| Your goal |
Check every line of the data below for the word "were", then give only the number of lines that have it.

| Input data |
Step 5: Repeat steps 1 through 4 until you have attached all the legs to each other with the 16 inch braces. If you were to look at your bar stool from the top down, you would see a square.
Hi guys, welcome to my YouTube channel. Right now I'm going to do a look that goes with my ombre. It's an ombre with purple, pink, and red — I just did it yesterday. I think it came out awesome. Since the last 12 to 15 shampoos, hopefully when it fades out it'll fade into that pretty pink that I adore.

* * *

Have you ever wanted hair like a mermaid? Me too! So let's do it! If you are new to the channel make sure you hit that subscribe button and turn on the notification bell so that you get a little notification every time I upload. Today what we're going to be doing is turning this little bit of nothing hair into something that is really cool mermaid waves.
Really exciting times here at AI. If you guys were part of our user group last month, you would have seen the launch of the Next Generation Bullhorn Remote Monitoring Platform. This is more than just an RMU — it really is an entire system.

| Answer section |
2